Highest Continental Mountains
Published 25th May 2015 by The Times Atlas
The new Times Mini Atlas of the World and The Times Desktop Atlas of the World are out now. To celebrate their quality, authority and prestige, here are the Earth's highest points: the Seven Summits.
4,897 metres, 16,066 feet
Lying in the north part of Vinson Massif’s summit plateau in Antarctica is its highest peak, Mount Vinson. Vinson Massif was discovered in January of 1958 by U.S. Navy aircraft, and Mount Vinson was first climbed in 1966 by the American Antarctic Mountaineering Expedition.
4,884 metres, 16,023 feet
In the western central highlands of Papua Province, Indonesia, is Mount Carstensz, whose highest summit is Puncak Jaya.
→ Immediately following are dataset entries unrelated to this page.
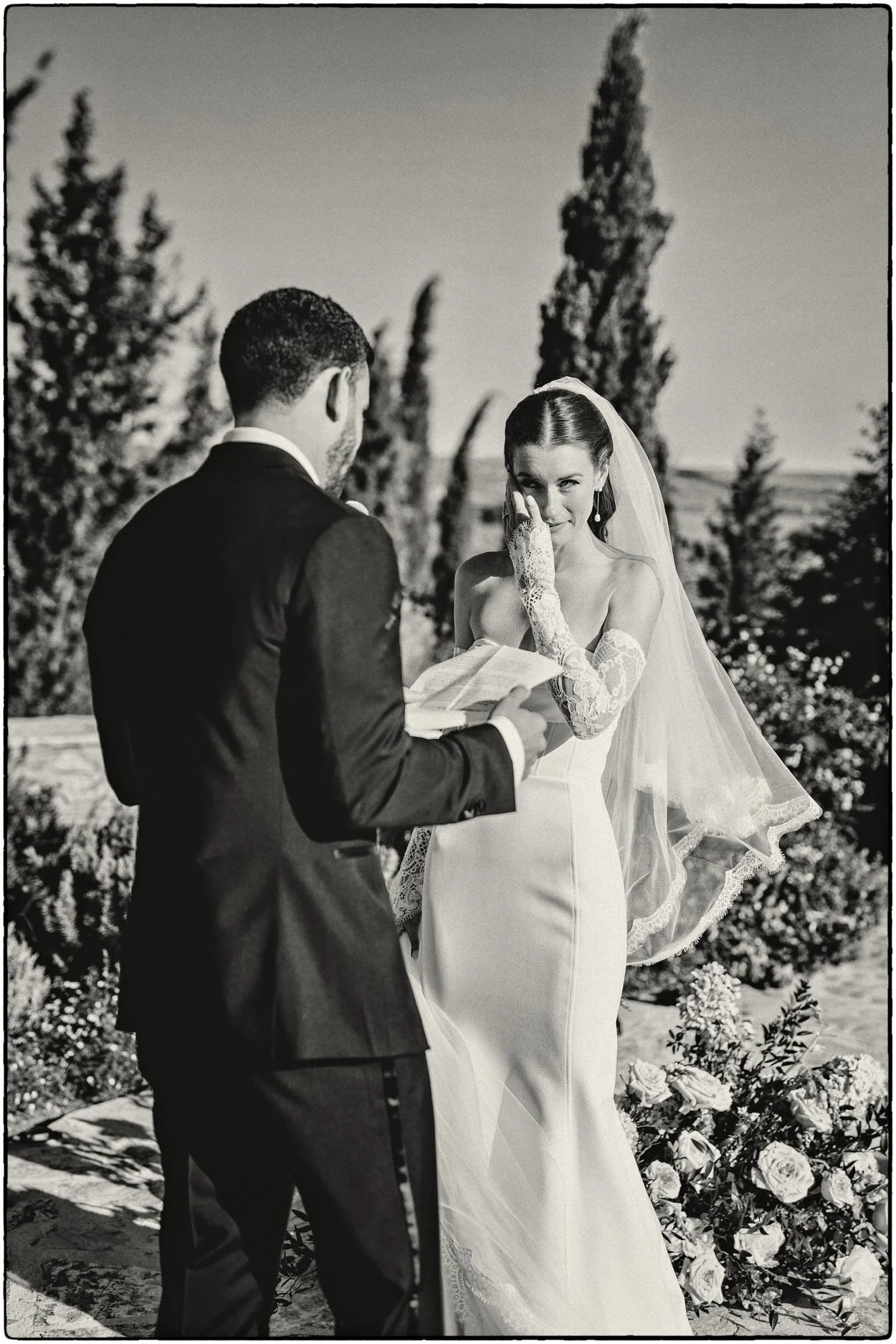 00035 symbolic-wedding-ceremony-pyrgos-petreza-vineyards-greece .JPG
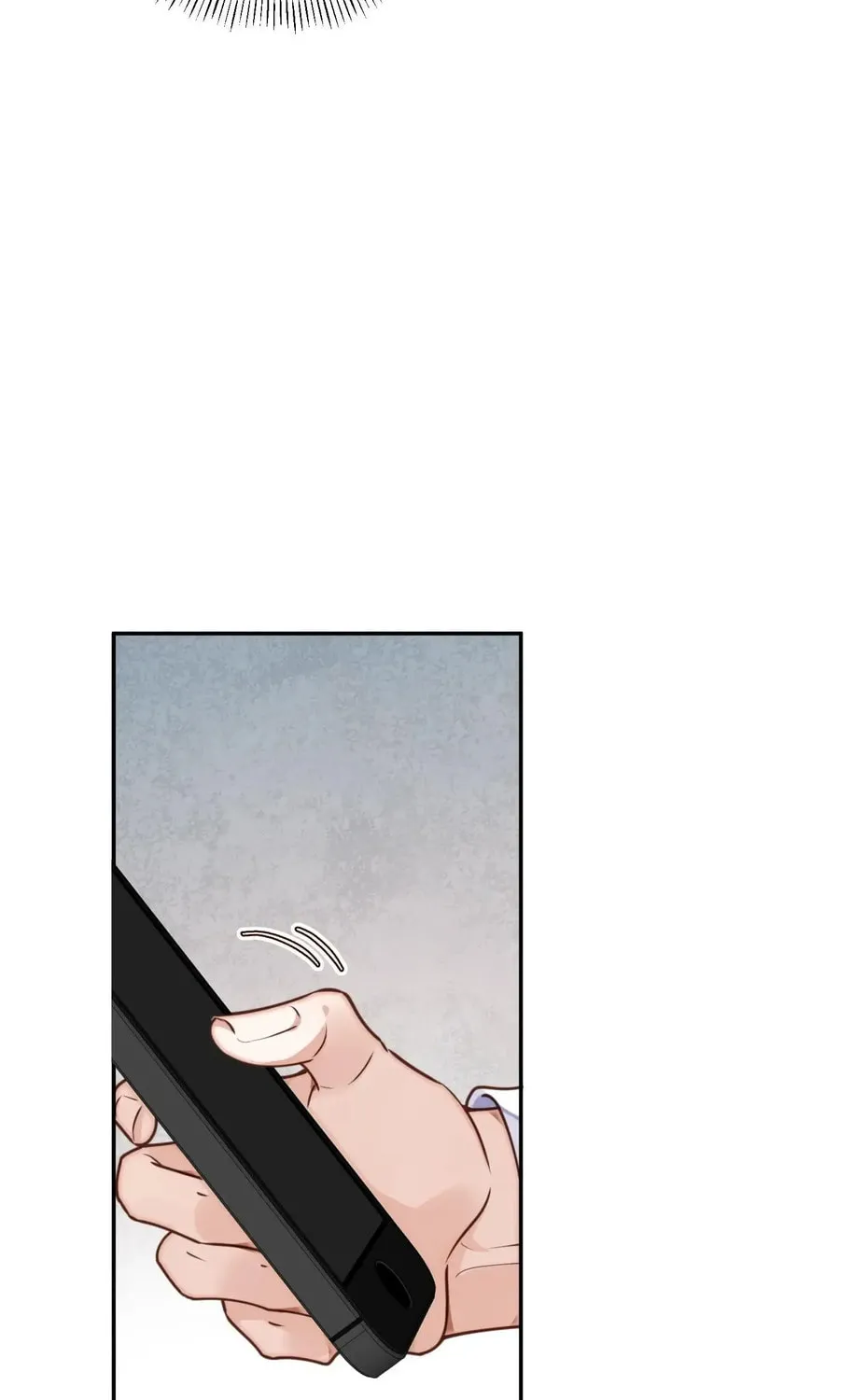 Read Personal Tailor chapter 34 image 44 on Lezhin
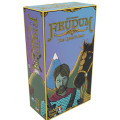 Feudum: The Queen's Army 0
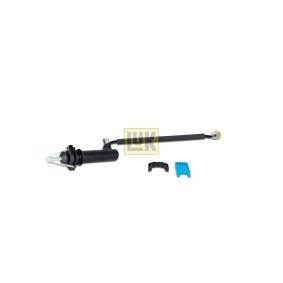 Achetez des Volant moteur bi masse LuK 415 0480 10 à prix pour 3369,65 €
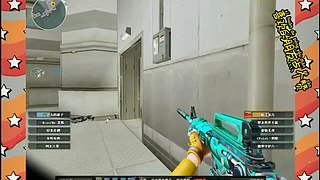 新赛季/排位/秒上/上豆，办卡=定级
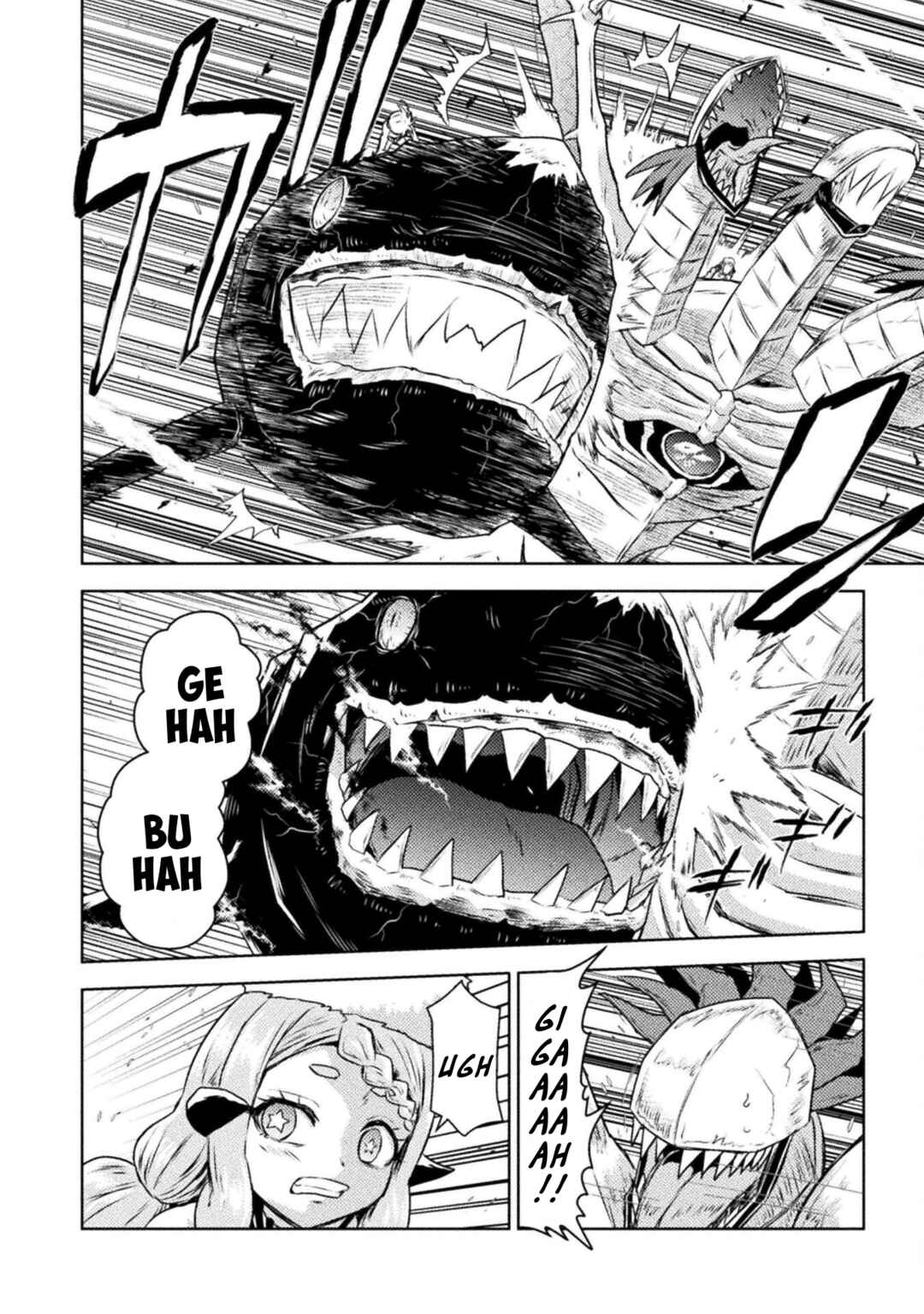 Chapter 48 - Page 16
The highest point of Puncak Jaya was first climbed in 1962 by Austrian mountaineer Heinrich Harrer’s expedition.
8,848 metres, 29,028 feet
The Earth’s highest mountain is Mount Everest in the Himalayas. Everest’s summit point marks the international border between China and Nepal. The first ascent of Mount Everest was in May 1953 by New Zealander Edmund Hillary and Nepali Tenzing Norgay from Darjeeling, India.
5,642 metres, 18,510 feet
El’brus is a dormant volcano in Russia. It was first climbed in 1829 by Khillar Khachirov, a guide for an Imperial Russian army scientific expedition.
5,892 metres, 19,330 feet
Mount Kilimanjaro is a dormant volcanic mountain in Tanzania, Africa. Although Mount Everest is the highest mountain which is part of a mountain range in the world, the highest free-standing mountain (not part of a mountain range) is, in fact, Mount Kilimanjaro. Its first ascent was by German geographer Hans Meyer and Austrian mountaineer Ludwig Purtscheller in 1889.
6,194 metres, 20,321 feet
Mount McKinley is located in the Alaska Range in Alaska. Its first ascent was by climbers Harry Karstens, Hudson Stuck, Robert Tatum and Walter Harper in June, 1913.
6,959 metres, 22,831 feet
Cerro Aconcagua is located in the Andes mountain range in Argentina. The first to climb Aconcagua was the guide of a European expedition, Matthias Zurbriggen, in January, 1897.